I’m very sorry about your own troubles having kids and I do hope you adopt and achieve your goals.
Take care
@constantobligations Hi. Me again. I’d like to challenge your challenge of my challenge. My comment isn’t about our immediate future. Life has been evolving and adapting almost 4 billion years ago. We are a product of it. In that time, Earth has never been stable for a long period of time. The last ice age, between 26,000 and 19,000 years ago, was an extreme extinction event that was also triggered by a warming of the Earth. Humans survived as we have been around for 250,000 years already.
Also, there have been many regulations that have been placed and enforced that have dropped new greenhouse gas emissions significantly and it shows cause we are throwing less in the air than in the 90’s. We are also getting out of the coal industry. More and more people are looking to nuclear as an alternative for energy as the costs long-term are significantly cheaper than mining, solar, and wind. Nuclear is the future and it produces almost zero emissions. And as long as maintenance is adhered too, which the nuclear community is extremely vigilant more than ever, nuclear plants have little operating cost and fuel cost.

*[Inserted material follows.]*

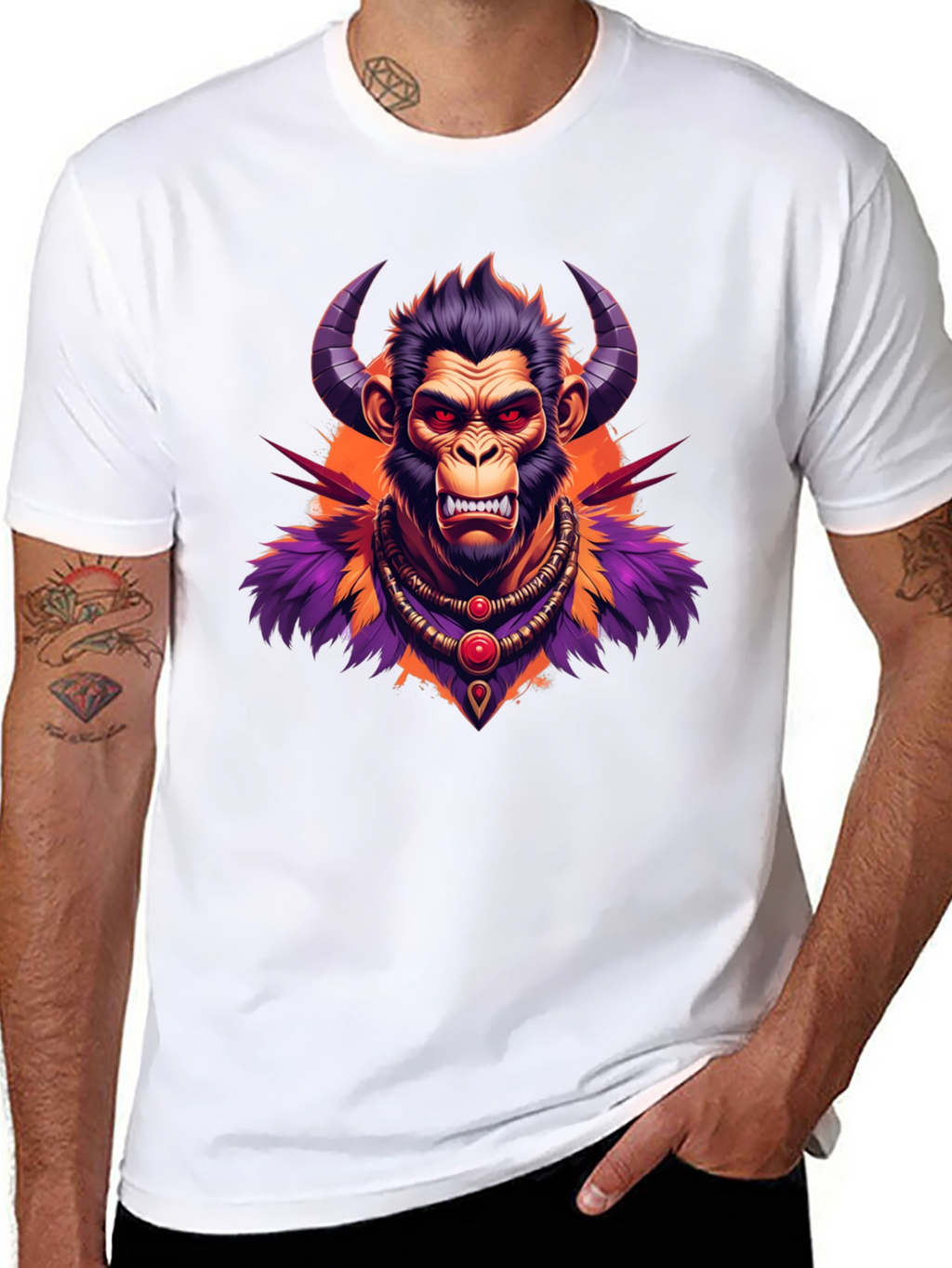 Horned Monkey Graphic Tee - Unique Ape Design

Getting greenhouse gas already in the atmosphere is definitely a problem. But to think that the Earth’s atmosphere should always stay at a perfect range for what we have been accustomed to is naive and unreasonable. Earth is just a giant blob of stuff spinning forward in space following our sun which is following our black hole along with billions of other stars with planets around them towards the abyss. I am less hopeful and more realistic about our circumstance. It’s all just a ride. Might as well have some fun. 🙂
@mandeacero It’s only currently a fun ride because it hasn’t yet affected your daily living.